Çırak bulamama sorunu, sadece Demirezen’in değil, bu mesleği sürdüren pek çok ustanın ortak derdi. Teknolojinin hızla ilerlemesi ve gençlerin daha modern mesleklere yönelmesi, demircilik gibi geleneksel sanatların geleceğini tehdit ediyor. Ancak Demirezen, bu zorluklara rağmen umudunu yitirmiyor. Ömer Faruk Kalabak ile birlikte, ellerinden geldiğince mesleği yaşatmaya çalışıyorlar. Kalabak, demirciliğin inceliklerini öğrenmek isteyen gençlere kapılarının her zaman açık olduğunu belirtiyor, ancak ilgisizlik nedeniyle bu çağrının karşılıksız kaldığını ekliyor.

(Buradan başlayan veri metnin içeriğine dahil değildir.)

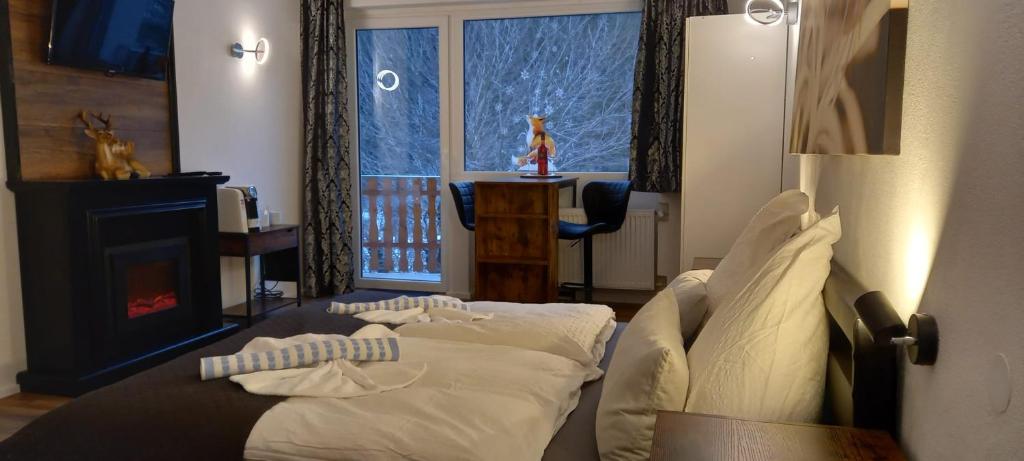 Postel nebo postele na pokoji v ubytování Waldpension Pfeiferhaus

Fabrikaların Üretmediği Aletler, Ustanın Ellerinde Hayat Buluyor
Ömer Faruk Kalabak, demircilik mesleğine 10 yaşında başlamış ve tam 53 yıldır bu sanatı icra ediyor. 63 yaşındaki Kalabak, demirin dövülmesinin kolay bir iş olmadığını, ancak bu mesleğin kendisine bir hayat felsefesi kazandırdığını söylüyor. “Demir dövmek kolay değil,” diyen Kalabak, özellikle ziraat aletleri yapımı ve tamiratı üzerine yoğunlaştıklarını belirtiyor. Çiftçilerin ihtiyaç duyduğu aletlerin kırılan parçalarını bulmakta zorlandığını, çünkü fabrikaların artık bu tür ürünleri üretmediğini ifade ediyor. “Kırılan parçaları bulamayanlar bize geliyor. Biz, onların ihtiyaçlarını karşılamak için buradayız,” diyerek mesleğin önemini vurguluyor.